Nicholson wanted his football teams to travel around the nation, accompanied by the university’s high-stepping marching band. In 1968, he found sponsors for a game against Morgan State at Yankee Stadium and sold 64,000 seats. In 1974, he moved the annual game between Grambling and Southern University, previously played on their campuses, to New Orleans, named it the Bayou Classic and sold it out year after year. He promoted sellout games at Three Rivers Stadium in Pittsburgh, the Houston Astrodome and the Silverdome outside Detroit.

He also came up with the idea of Grambling playing games in Japan in 1976 and 1977.

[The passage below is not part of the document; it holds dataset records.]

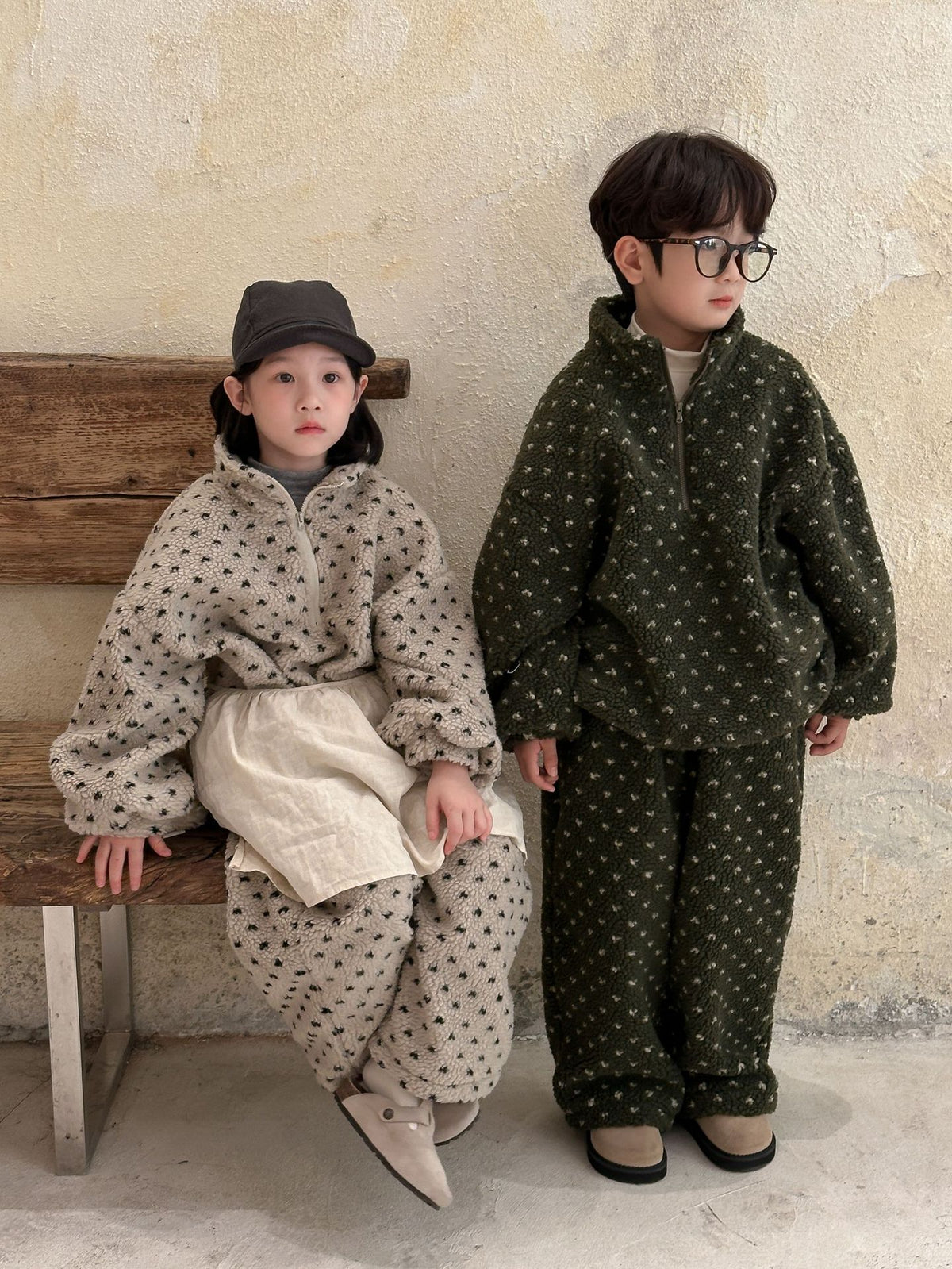 Kids' Plush Zip-Up Fleece Set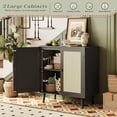 thumbnail image 5 of Buffet Cabinet with Storage, Storage Cabinet with PE Rattan Decor Doors, Accent Sideboard Buffet with Solid Wood Feet, for Hallway, Entry, Living Room, All Black, 5 of 7
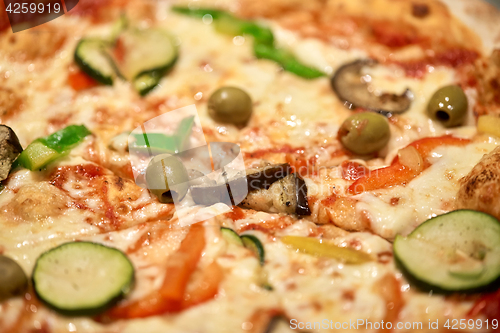 Image of close up of pizza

The memories last for Doug Williams, a 1978 graduate of Grambling, who became the first African-American quarterback chosen in the first round of the N.F.L. draft. Williams, a native of Zachary, La., told The Associated Press:

“Here I was, a kid from little old Zachary, playing in Japan, Hawaii and Washington, D.C. And it was all because of Collie’s mighty pen.”

Robinson used the same word, once calling Nicholson “the man with the golden pen.”

Nicholson arranged to have the Grambling band play at three Super Bowls. The first time, Ms. Davis said, the university president had him drive to Los Angeles and gave him $150 to cover hotels, meals and gasoline for the week.

In addition to Williams, Nicholson publicized the Grambling players Paul Younger, known as Tank, the first player in the N.F.L. from a predominantly black college; James Harris, the first African-American drafted as a quarterback; Willie Brown; Buck Buchanan; Ernie Ladd; Willie Davis and Charlie Joiner. As Harris said, “He was way ahead of his time in terms of marketing players.”

Collie James Nicholson was born July 7 , 1921, in Winfield, La. He is survived by his wife, Ophelia; a son, Carl, of Houston; a daughter, Shirley Rhodes, of Shreveport; two grandchildren and a great-grandson.

Last May, the press box at Grambling’s Eddie Robinson Stadium was named for Nicholson. In 2002, when he received the Trailblazer Award from the College Sports Information Directors of America, he said:

“I was at the right place at the right time. We had a five-year plan to make Grambling black America’s football team. Just like Notre Dame built a Catholic base, we wanted to build a black base with Grambling football.”